YOUR GOAL: Exact transcript, pictures excluded: write out every record below.

+ + +

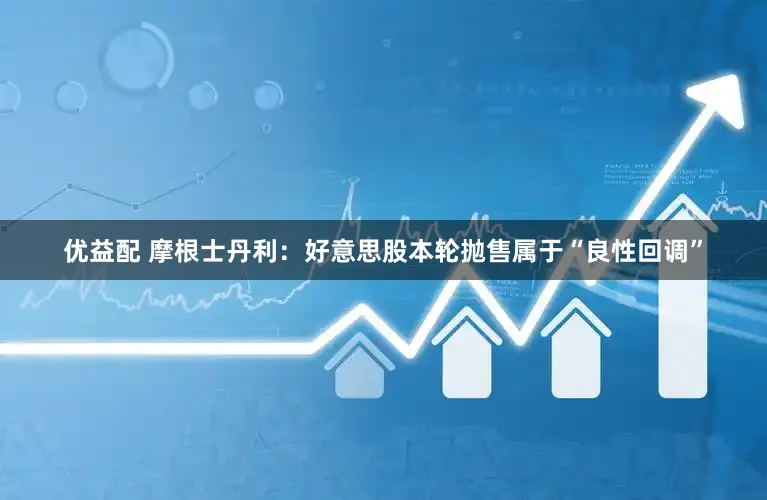 优益配 摩根士丹利：好意思股本轮抛售属于“良性回调”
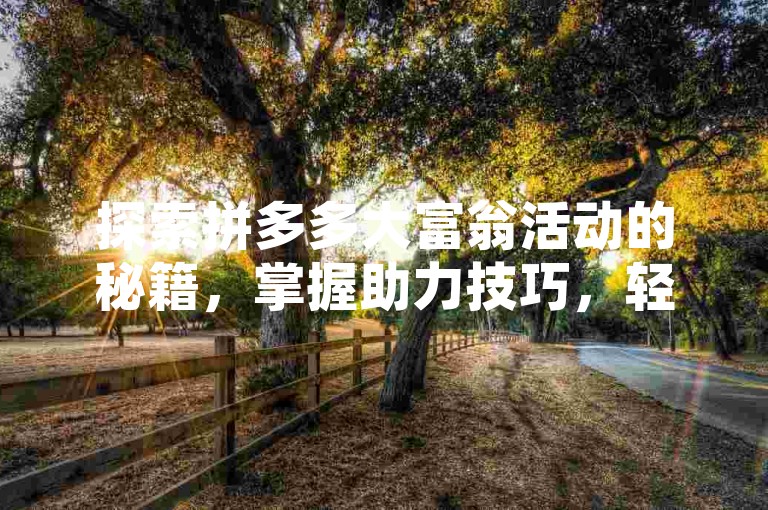 探索拼多多大富翁活动的秘籍，掌握助力技巧，轻松赢取丰厚奖励！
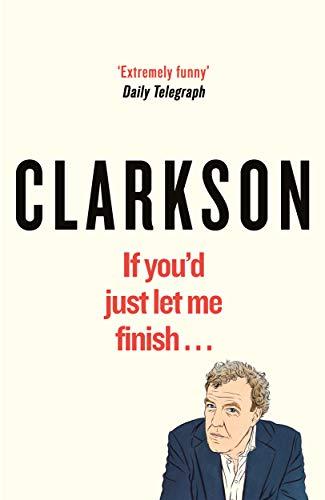 If You’d Just Let Me Finish (World According to Clarkson)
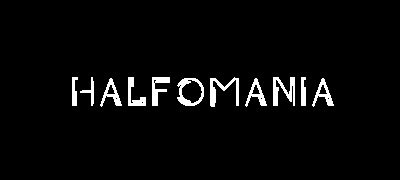 HALFOMANIA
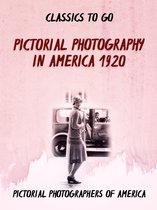 CLASSICS TO GO - Pictorial Photography in America 1920
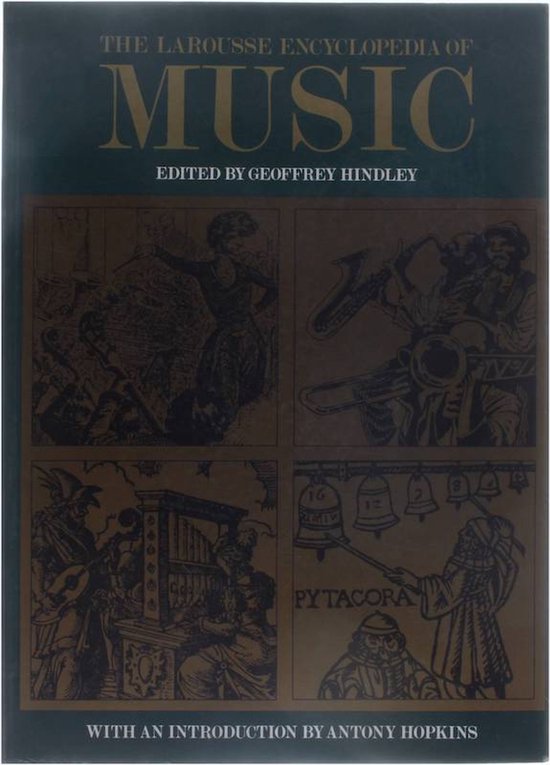 Larousse Encyclopedia of Music - Geoffrey Hindley, Norbert Dufourcq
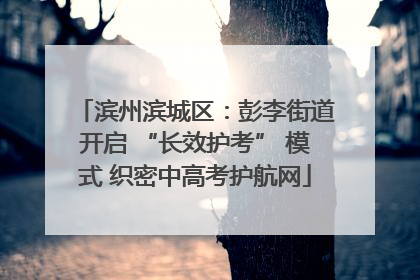 滨州滨城区：彭李街道开启 “长效护考” 模式 织密中高考护航网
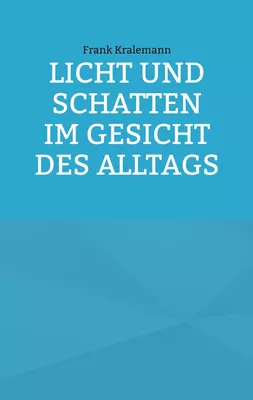 Licht und Schatten im Gesicht des Alltags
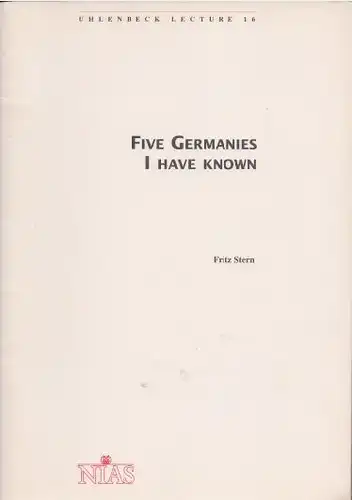 Stern, Fritz: Five Germanies I Have Known, Uhlenbeck Lecture 16. 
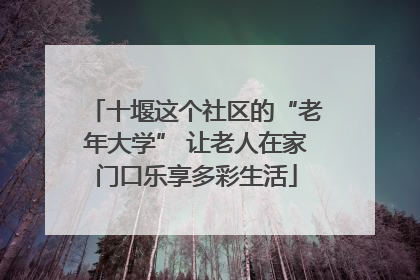 十堰这个社区的“老年大学” 让老人在家门口乐享多彩生活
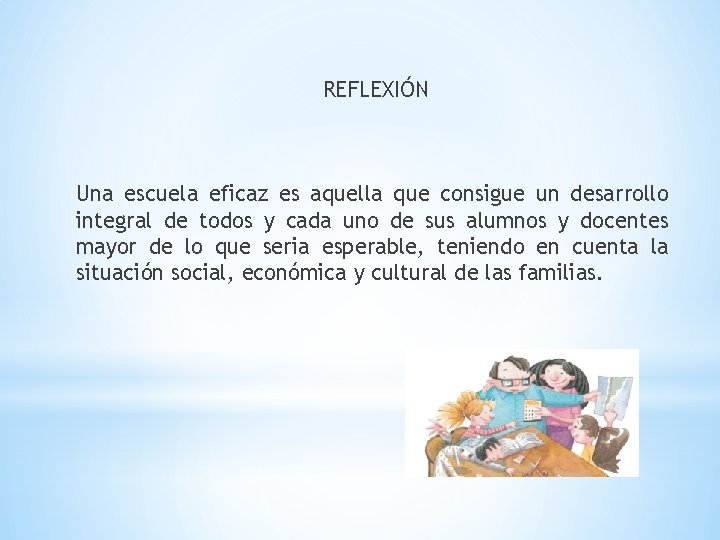 REFLEXIÓN Una escuela eficaz es aquella que consigue un desarrollo integral de todos y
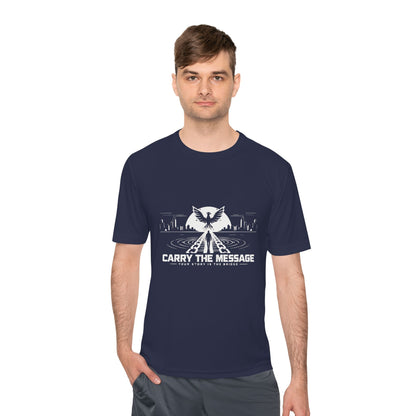 Carry the Message - Moisture Wicking T-Shirt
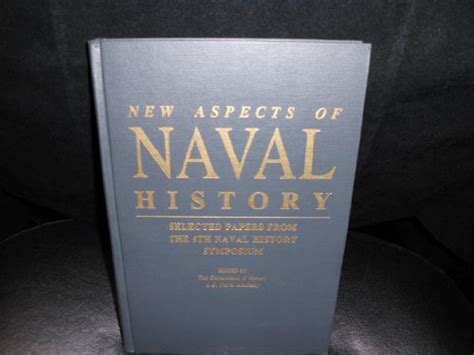 New Aspects of Naval History Selected Papers from the 5Th Naval History ...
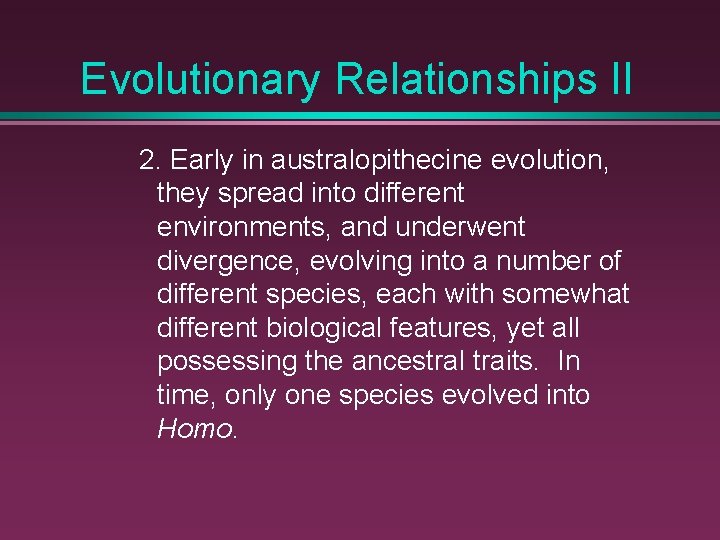 Evolutionary Relationships II 2. Early in australopithecine evolution, they spread into different environments, and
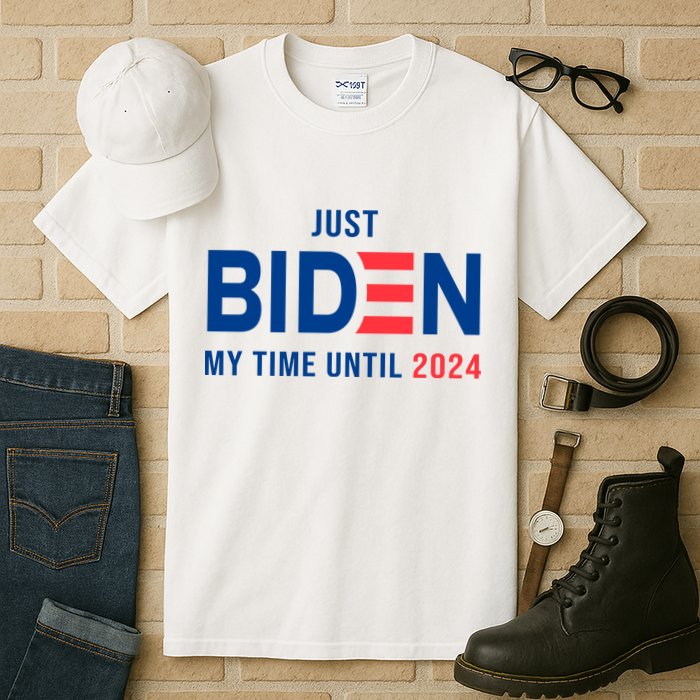 Just Biden My Time Until 2024 Tall T-Shirt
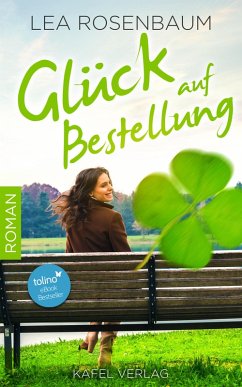 Glück auf Bestellung: Liebesroman (eBook, ePUB) - Rosenbaum, Lea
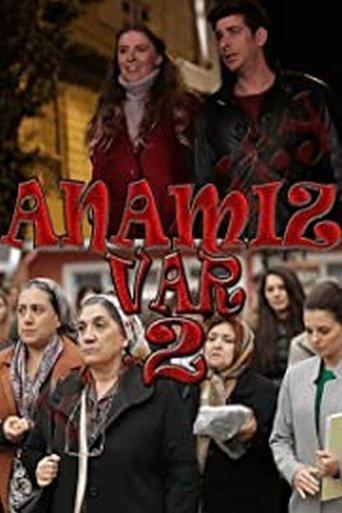 Anamız Var 2 film afişi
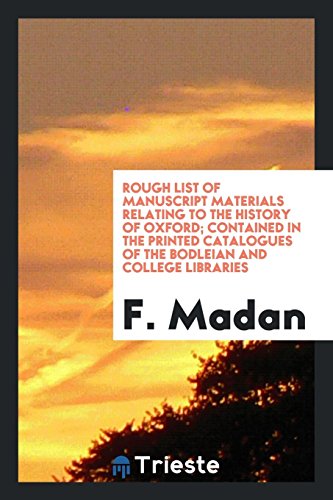 Rough List of Manuscript Materials Relating to the History of Oxford; Contained in the Printed Catalogues of the Bodleian and College Libraries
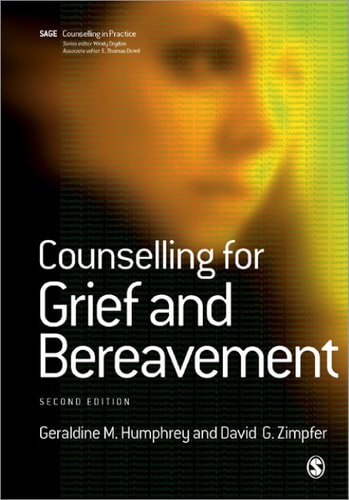 Counselling for Grief and Bereavement (2nd Edition)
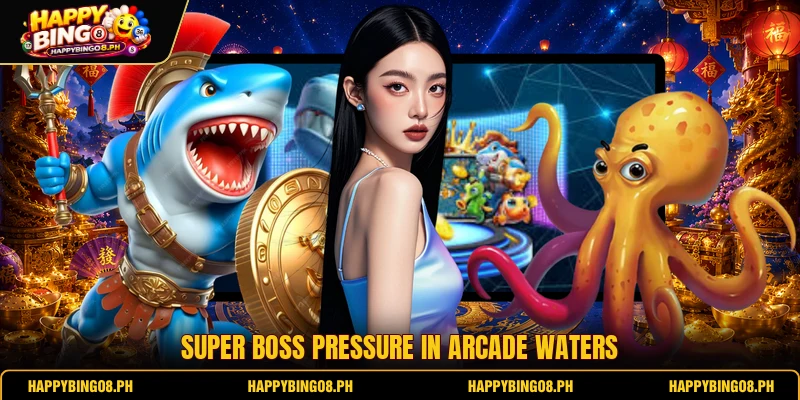 Super boss pressure in arcade waters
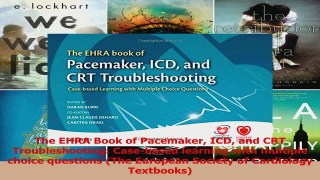 The EHRA Book of Pacemaker ICD and CRT Troubleshooting Casebased learning with multiple PDF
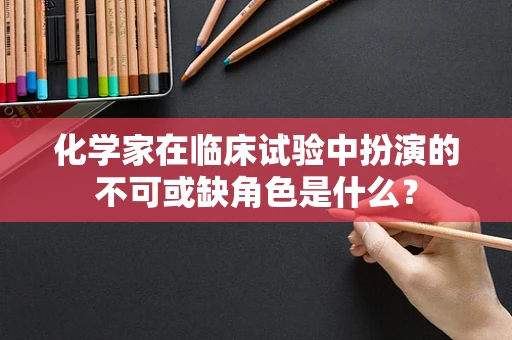 化学家在临床试验中扮演的不可或缺角色是什么？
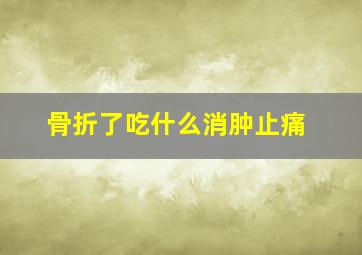 骨折了吃什么消肿止痛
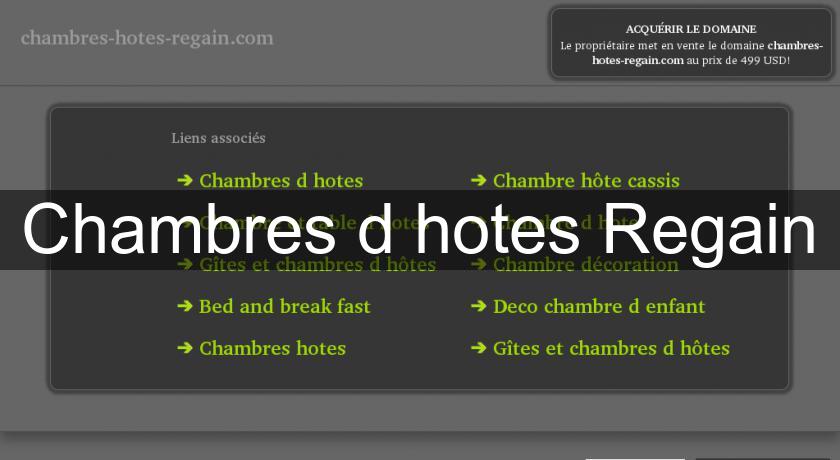 Chambres d'hotes Regain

+ + +

ANSWER SECTION:
 优益配 摩根士丹利：好意思股本轮抛售属于“良性回调”
 探索拼多多大富翁活动的秘籍，掌握助力技巧，轻松赢取丰厚奖励！
 If You’d Just Let Me Finish (World According to Clarkson)
 HALFOMANIA
 CLASSICS TO GO - Pictorial Photography in America 1920
 Larousse Encyclopedia of Music - Geoffrey Hindley, Norbert Dufourcq
 滨州滨城区：彭李街道开启 “长效护考” 模式 织密中高考护航网
 Licht und Schatten im Gesicht des Alltags
 Stern, Fritz: Five Germanies I Have Known, Uhlenbeck Lecture 16. 
 十堰这个社区的“老年大学” 让老人在家门口乐享多彩生活
 REFLEXIÓN Una escuela eficaz es aquella que consigue un desarrollo integral de todos y
 Carry the Message - Moisture Wicking T-Shirt
 New Aspects of Naval History Selected Papers from the 5Th Naval History ...
 Evolutionary Relationships II 2. Early in australopithecine evolution, they spread into different environments, and
 Just Biden My Time Until 2024 Tall T-Shirt
 Glück auf Bestellung: Liebesroman (eBook, ePUB) - Rosenbaum, Lea
 Anamız Var 2 film afişi
 Rough List of Manuscript Materials Relating to the History of Oxford; Contained in the Printed Catalogues of the Bodleian and College Libraries
 Counselling for Grief and Bereavement (2nd Edition)
 Super boss pressure in arcade waters
 The EHRA Book of Pacemaker ICD and CRT Troubleshooting Casebased learning with multiple PDF
 化学家在临床试验中扮演的不可或缺角色是什么？
 骨折了吃什么消肿止痛
 Chambres d'hotes Regain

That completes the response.